Weak Gravitational Lensing with COSMOS: Galaxy Selection and Shape Measurements

Abstract

With a primary goal of conducting precision weak-lensing measurements from space, the COSMOS survey has imaged the largest contiguous area observed by Hubble Space Telescope to date, using the Advanced Camera for Surveys (ACS). This is the first paper in a series in which we describe our strategy for addressing the various technical challenges in the production of weak-lensing measurements from COSMOS data. We first construct a source catalog from 575 ACS/WFC tiles (1.64 deg^2) subsampled at a pixel scale of 0.03". Defects and diffraction spikes are carefully removed, leaving a total of 1.2 × 10^6 objects to a limiting magnitude of F814W = 26.5. This catalog is made publicly available. Multiwavelength follow-up observations of the COSMOS field provide photometric redshifts for 73% of the source galaxies in the lensing catalog. We analyze and discuss the COSMOS redshift distribution and show broad agreement with other surveys to z ~ 1. Our next step is to measure the shapes of galaxies and correct them for the distortion induced by the time-varying ACS point-spread function and for charge transfer efficiency (CTE) effects. Simulated images are used to derive the shear susceptibility factors that are necessary in transforming shape measurements into unbiased shear estimators. For every galaxy we derive a shape measurement error and utilize this quantity to extract the intrinsic shape noise of the galaxy sample. Interestingly, our results indicate that intrinsic shape noise varies little with size, magnitude, or redshift. Representing a number density of 66 galaxies per arcmin^2, the final COSMOS weak-lensing catalog contains 3.9 × 10^5 galaxies with accurate shape measurements. The properties of the COSMOS weak-lensing catalog described throughout this paper will provide key input numbers for the preparation and design of next-generation wide field space missions.

Additional Information

© 2007 The American Astronomical Society. Received 2006 September 21; accepted 2007 February 11. The HST COSMOS Treasury program was supported through NASA grant HST-GO-09822. We wish to thank our referee for useful comments and Kevin Bundy for carefully reading the manuscript. We also thank Tony Roman, Denise Taylor, and David Soderblom for their assistance in planning and scheduling of the extensive COSMOS observations. We gratefully acknowledge the contributions of the entire COSMOS collaboration, consisting of more than 70 scientists.

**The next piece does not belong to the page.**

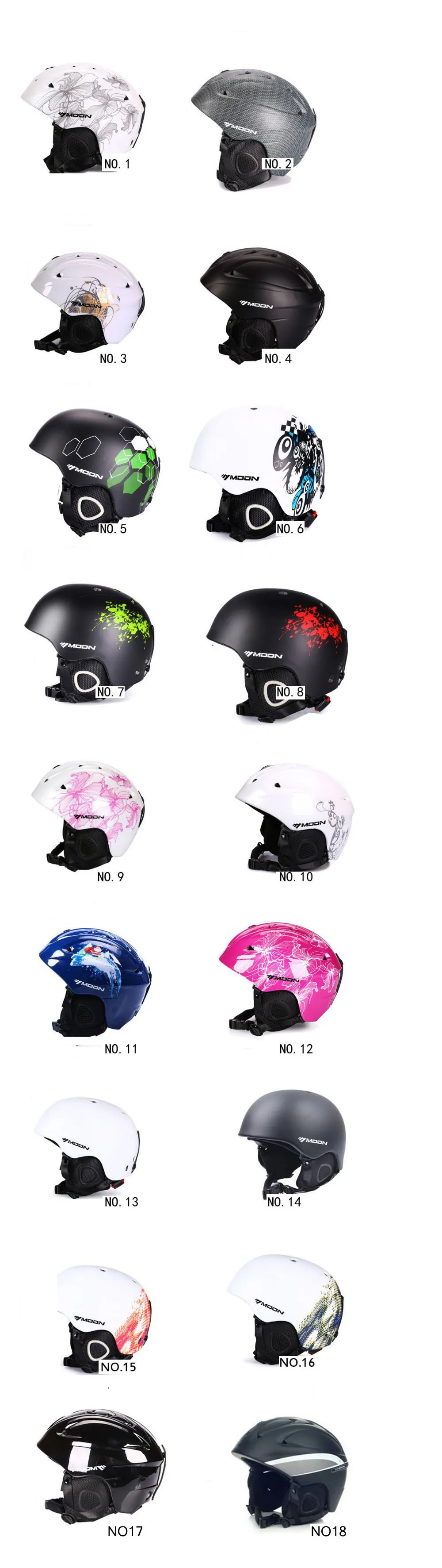 Дешевые Продажи бренд скейтборд лыжный сноуборд шлем интегрально-Формованный Сверхлегкий дышащий MOON лыжный шлем CE сертификация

More information on the COSMOS survey is available at http://www.astro.caltech.edu/~cosmos . It is a pleasure to acknowledge the excellent services provided by the NASA IPAC/IRSA staff (Anastasia Laity, Anastasia Alexov, Bruce Berriman, and John Good) in providing online archive and server capabilities for the COSMOS data sets. The COSMOS Science meeting in 2005 May was supported in part by the NSF through grant OISE-0456439. C. H. is supported by a CITA National fellowship and, along with L. V. W., acknowledges support from NSERC and CIAR. In France, the COSMOS project is supported by CNES and the Programme National de Cosmologie. J. P. K. acknowledges support from CNRS.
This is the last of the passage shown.